=== EXERCISE DATA ===
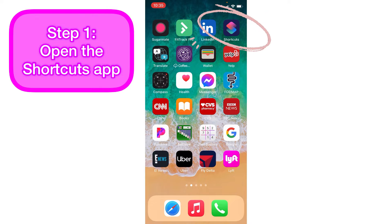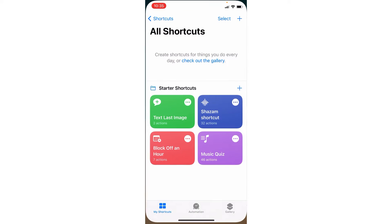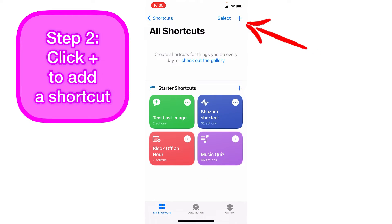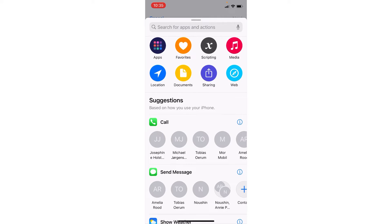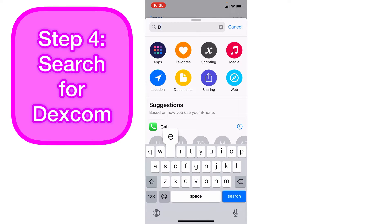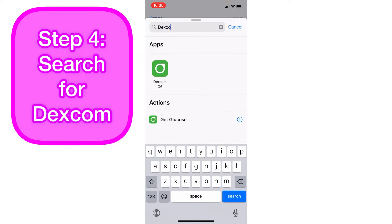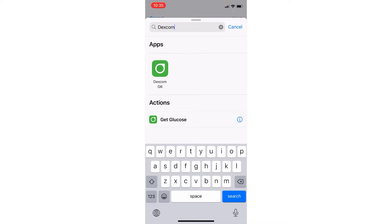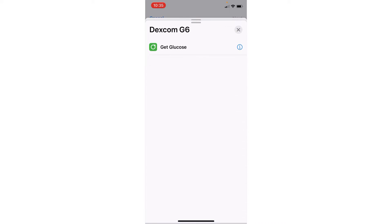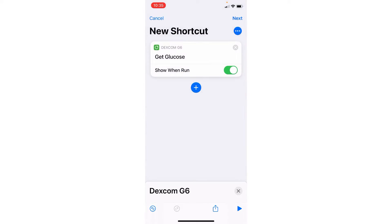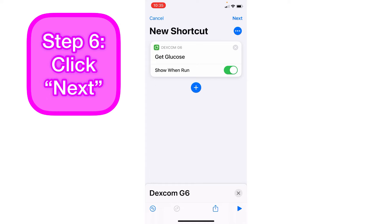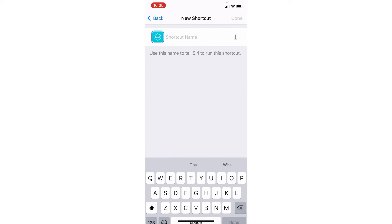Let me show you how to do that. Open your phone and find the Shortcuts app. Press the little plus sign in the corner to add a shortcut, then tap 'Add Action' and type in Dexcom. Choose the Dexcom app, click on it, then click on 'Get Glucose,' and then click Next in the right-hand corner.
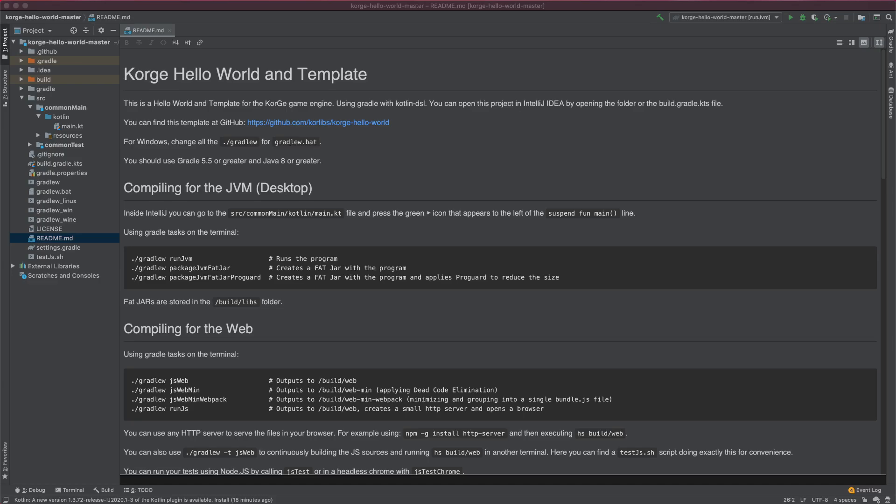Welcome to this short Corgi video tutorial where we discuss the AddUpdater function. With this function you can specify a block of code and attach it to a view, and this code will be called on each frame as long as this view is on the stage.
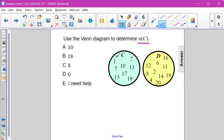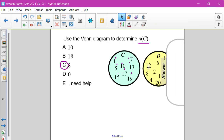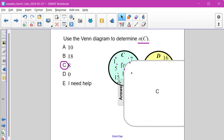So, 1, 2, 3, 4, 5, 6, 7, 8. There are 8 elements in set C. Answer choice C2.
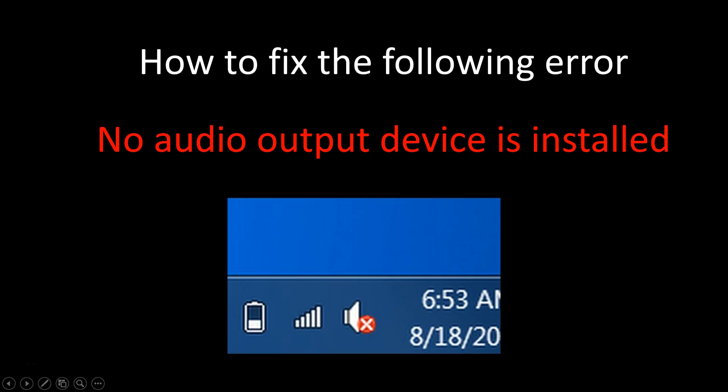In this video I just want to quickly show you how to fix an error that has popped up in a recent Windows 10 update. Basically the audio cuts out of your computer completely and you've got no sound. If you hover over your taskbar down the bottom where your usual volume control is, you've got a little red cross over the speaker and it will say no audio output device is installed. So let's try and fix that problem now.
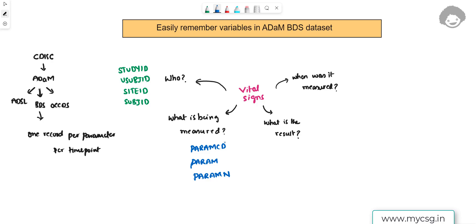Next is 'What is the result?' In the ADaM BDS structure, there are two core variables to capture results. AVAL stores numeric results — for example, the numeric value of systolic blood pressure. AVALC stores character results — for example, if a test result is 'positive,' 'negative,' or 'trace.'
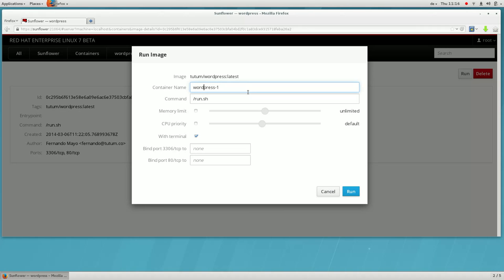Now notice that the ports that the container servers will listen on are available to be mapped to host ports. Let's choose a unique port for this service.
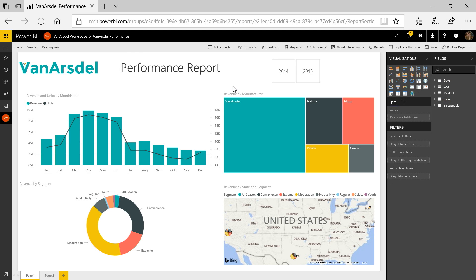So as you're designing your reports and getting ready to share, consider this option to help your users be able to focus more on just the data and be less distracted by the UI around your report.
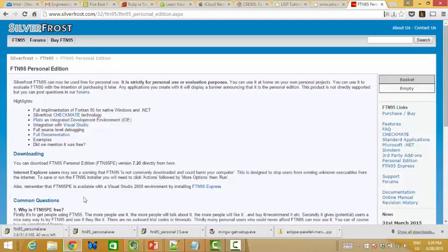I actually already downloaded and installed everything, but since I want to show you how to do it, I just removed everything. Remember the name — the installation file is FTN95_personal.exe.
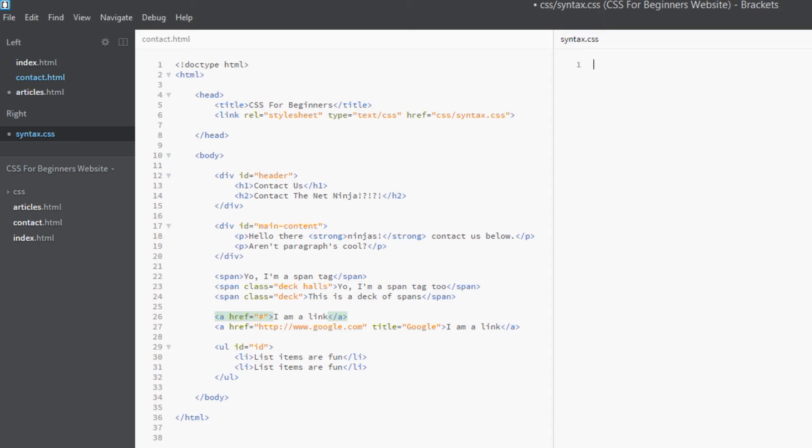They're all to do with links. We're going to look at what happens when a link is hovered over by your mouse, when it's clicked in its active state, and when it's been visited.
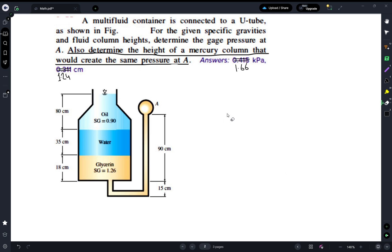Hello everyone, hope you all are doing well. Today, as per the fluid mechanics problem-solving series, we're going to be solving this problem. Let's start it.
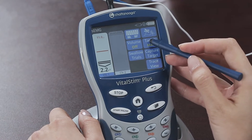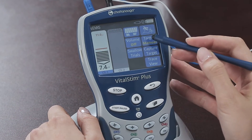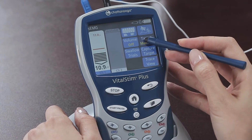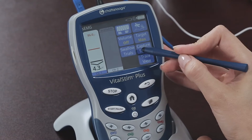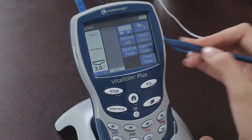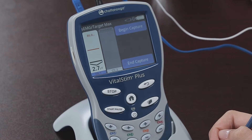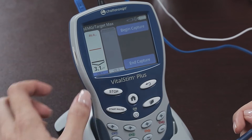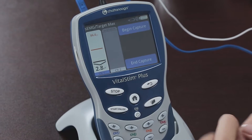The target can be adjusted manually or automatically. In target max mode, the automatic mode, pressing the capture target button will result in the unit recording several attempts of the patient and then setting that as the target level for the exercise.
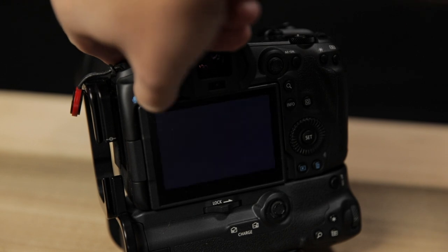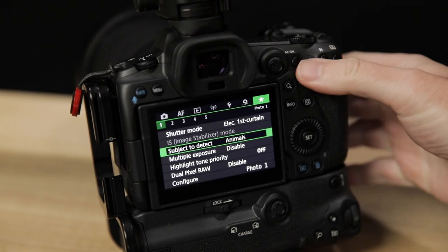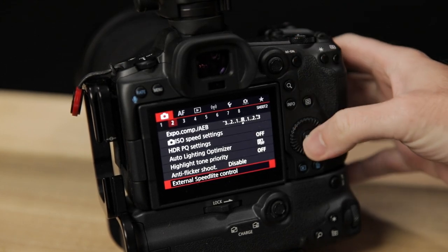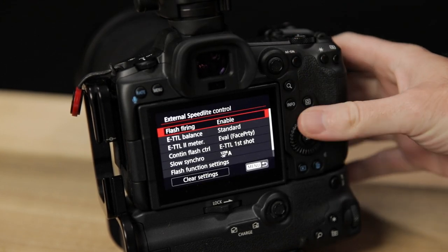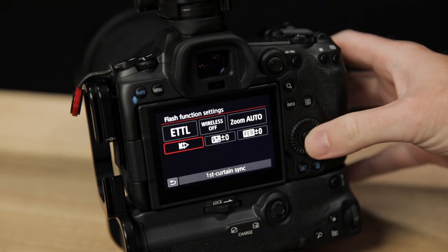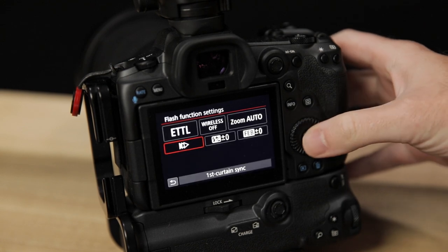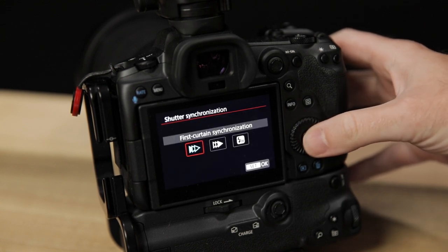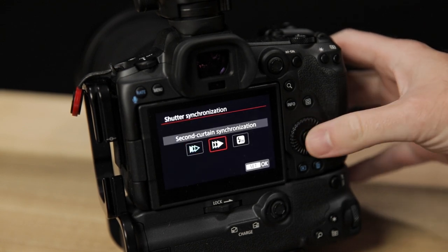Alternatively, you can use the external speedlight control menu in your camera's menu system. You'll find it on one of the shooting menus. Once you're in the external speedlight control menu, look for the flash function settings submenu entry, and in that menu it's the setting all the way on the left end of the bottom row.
===
_WHAT YOU NEED TO DO_
No picture is to be printed. Output exactly the lines above from the line containing "In this video" through the line containing "Now notice that".

_WRITTEN ANSWER_
In this video I just want to quickly show you how to fix an error that has popped up in a recent Windows 10 update. Basically the audio cuts out of your computer completely and you've got no sound. If you hover over your taskbar down the bottom where your usual volume control is, you've got a little red cross over the speaker and it will say no audio output device is installed. So let's try and fix that problem now.
Next is 'What is the result?' In the ADaM BDS structure, there are two core variables to capture results. AVAL stores numeric results — for example, the numeric value of systolic blood pressure. AVALC stores character results — for example, if a test result is 'positive,' 'negative,' or 'trace.'
Now notice that the ports that the container servers will listen on are available to be mapped to host ports. Let's choose a unique port for this service.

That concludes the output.